A microwave antenna is a physical transmission device used to broadcast microwave transmissions between two or more locations. In addition to broadcasting, antennas are also used in radar, radio astronomy and electronic warfare.

Microwave frequency bands

Uses

 One-way (e.g. television broadcasting) and two-way telecommunication using communications satellites
 Terrestrial microwave relay links in telecommunications networks including backbone or backhaul carriers in cellular networks linking BTS-BSC and BSC-MSC.
 Radar
 Radio astronomy
 Communications intelligence
 Electronic warfare

Antenna types

Reflector antennas

A parabolic antenna is an antenna that uses a parabolic reflector, a curved surface with the cross-sectional shape of a parabola, to direct the radio waves.
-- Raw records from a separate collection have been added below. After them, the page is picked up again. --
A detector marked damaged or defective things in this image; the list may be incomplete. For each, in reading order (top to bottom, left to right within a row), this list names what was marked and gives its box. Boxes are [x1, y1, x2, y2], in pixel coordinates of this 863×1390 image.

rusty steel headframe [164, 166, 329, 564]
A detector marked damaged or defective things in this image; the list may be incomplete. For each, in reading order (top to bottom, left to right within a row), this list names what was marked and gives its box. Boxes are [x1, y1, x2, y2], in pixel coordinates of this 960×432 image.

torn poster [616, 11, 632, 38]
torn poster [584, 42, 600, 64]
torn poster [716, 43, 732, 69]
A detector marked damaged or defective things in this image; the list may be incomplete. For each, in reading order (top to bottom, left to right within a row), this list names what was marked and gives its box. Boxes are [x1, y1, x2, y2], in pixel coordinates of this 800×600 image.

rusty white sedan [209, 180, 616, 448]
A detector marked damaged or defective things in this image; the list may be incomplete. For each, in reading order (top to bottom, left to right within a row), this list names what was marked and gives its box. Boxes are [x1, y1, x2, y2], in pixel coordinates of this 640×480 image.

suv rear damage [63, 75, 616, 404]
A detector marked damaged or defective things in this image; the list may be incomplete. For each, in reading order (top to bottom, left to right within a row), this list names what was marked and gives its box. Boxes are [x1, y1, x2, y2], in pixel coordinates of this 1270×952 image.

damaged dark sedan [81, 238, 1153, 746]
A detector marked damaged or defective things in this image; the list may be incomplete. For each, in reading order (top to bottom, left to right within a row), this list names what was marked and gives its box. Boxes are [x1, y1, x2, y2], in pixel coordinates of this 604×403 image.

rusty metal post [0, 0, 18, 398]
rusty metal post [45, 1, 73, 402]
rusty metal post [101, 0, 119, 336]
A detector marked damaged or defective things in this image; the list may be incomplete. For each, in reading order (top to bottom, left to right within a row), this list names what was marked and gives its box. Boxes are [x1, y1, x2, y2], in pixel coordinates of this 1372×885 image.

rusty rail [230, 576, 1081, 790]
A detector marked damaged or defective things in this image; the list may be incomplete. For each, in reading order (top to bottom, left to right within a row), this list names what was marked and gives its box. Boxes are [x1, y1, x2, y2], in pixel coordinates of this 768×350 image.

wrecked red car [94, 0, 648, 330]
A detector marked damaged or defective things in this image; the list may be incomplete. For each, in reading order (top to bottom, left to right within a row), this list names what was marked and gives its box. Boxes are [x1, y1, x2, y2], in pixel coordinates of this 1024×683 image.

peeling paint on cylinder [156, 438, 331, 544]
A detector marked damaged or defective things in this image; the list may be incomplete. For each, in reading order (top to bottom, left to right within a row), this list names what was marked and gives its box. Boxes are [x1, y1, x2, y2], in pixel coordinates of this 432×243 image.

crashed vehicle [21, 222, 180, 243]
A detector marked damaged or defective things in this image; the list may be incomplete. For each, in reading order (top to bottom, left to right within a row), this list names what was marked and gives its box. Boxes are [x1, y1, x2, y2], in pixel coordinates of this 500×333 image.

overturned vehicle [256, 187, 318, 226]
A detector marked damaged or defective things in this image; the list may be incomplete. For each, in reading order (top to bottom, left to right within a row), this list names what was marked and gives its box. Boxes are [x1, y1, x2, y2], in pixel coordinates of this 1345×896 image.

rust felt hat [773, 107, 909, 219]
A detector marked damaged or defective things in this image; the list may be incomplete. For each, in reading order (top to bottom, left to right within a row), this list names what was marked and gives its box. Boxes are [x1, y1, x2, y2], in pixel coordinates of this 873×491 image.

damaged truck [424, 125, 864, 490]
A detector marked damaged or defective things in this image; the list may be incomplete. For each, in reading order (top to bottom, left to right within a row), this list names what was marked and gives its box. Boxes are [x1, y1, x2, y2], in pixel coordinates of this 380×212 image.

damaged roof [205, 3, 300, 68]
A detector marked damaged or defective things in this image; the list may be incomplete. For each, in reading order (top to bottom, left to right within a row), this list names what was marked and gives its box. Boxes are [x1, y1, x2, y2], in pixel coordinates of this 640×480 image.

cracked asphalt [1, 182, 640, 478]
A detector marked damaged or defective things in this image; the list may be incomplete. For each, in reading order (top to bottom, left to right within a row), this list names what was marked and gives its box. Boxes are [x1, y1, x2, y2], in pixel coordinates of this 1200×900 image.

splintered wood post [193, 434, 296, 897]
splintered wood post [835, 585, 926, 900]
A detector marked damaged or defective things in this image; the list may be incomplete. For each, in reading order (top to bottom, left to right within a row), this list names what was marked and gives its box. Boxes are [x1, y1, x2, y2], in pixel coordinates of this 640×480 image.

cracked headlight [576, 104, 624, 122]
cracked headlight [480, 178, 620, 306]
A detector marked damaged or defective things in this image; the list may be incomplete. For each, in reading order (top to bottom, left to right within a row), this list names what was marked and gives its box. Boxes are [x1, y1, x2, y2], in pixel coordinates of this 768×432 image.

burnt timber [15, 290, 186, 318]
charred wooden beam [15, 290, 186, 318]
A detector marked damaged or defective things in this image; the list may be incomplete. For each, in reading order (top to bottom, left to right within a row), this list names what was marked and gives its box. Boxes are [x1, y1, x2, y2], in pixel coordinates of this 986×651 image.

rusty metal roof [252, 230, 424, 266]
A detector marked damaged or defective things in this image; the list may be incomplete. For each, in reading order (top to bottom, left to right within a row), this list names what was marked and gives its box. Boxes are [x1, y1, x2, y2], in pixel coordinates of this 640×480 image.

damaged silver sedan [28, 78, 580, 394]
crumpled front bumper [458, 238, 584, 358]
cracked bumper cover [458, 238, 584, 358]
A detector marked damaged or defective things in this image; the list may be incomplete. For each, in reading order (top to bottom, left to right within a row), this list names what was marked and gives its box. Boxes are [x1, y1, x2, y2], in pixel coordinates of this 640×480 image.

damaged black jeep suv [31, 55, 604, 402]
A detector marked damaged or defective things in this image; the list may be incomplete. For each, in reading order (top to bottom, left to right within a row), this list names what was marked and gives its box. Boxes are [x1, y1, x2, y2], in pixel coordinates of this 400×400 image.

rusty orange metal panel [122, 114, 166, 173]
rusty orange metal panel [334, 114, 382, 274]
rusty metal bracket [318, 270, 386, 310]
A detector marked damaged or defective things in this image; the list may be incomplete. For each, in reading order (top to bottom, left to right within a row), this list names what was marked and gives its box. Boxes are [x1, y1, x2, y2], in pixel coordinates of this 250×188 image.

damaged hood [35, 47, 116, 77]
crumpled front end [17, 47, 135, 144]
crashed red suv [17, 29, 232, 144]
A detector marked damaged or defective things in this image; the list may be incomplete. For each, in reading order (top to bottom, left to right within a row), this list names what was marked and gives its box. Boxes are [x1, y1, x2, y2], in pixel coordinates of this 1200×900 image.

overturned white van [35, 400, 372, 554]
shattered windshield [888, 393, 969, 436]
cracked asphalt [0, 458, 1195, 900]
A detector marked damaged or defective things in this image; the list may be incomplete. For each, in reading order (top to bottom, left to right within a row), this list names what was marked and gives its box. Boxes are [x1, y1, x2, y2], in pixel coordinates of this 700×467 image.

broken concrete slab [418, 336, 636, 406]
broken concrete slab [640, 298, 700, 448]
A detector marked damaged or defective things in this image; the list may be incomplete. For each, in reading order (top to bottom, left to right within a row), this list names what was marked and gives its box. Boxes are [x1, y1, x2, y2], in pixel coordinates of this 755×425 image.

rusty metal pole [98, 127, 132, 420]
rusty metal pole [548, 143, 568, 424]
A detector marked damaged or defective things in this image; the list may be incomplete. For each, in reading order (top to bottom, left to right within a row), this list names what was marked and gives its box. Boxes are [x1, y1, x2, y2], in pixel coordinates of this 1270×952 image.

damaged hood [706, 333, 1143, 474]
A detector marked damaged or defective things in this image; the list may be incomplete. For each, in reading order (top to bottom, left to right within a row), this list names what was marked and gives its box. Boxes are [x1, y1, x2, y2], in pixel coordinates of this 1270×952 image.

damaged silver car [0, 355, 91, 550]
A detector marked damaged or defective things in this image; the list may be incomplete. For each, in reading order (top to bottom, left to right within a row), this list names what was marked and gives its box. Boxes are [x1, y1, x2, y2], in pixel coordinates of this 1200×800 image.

These devices range anywhere from 6" to more than 12' diameter depending on application and use.

Horn antennas
A horn antenna or microwave horn is an antenna that consists of a flaring metal waveguide shaped like a horn to direct radio waves in a beam.  Horns are widely used as antennas at UHF and microwave frequencies, above 300 MHz.

Lens antennas
A lens antenna uses a lens to direct or collect microwave radiation.

Array antennas
An array antenna is a high gain antenna consisting of an array of smaller antenna elements.

Leaky wave antenna
A leaky wave antenna uses a leaking transmission line to obtain radiation.